Task item: Would you please output, word for word, the span of the listing below that opens on the line containing "Tappeto Kazak Fine" and closes on the line containing "Pull en maille"? Include both ends and nothing more.

Provided material:
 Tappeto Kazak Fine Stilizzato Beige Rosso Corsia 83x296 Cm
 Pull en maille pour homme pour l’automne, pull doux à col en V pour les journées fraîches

...

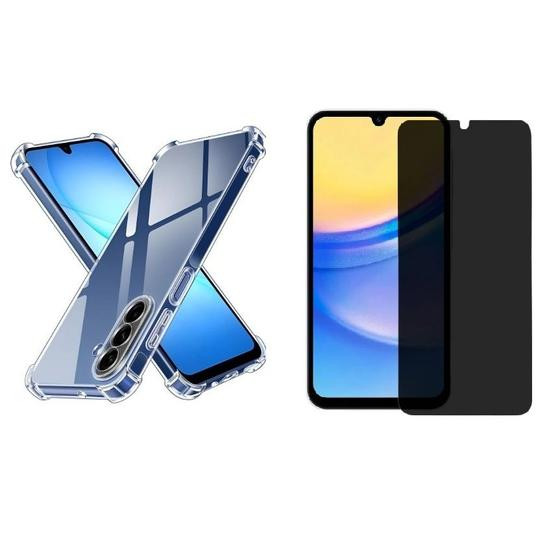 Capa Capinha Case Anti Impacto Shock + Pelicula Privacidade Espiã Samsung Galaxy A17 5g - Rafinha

Answer to this problem:
 Tappeto Kazak Fine Stilizzato Beige Rosso Corsia 83x296 Cm
 Pull en maille pour homme pour l’automne, pull doux à col en V pour les journées fraîches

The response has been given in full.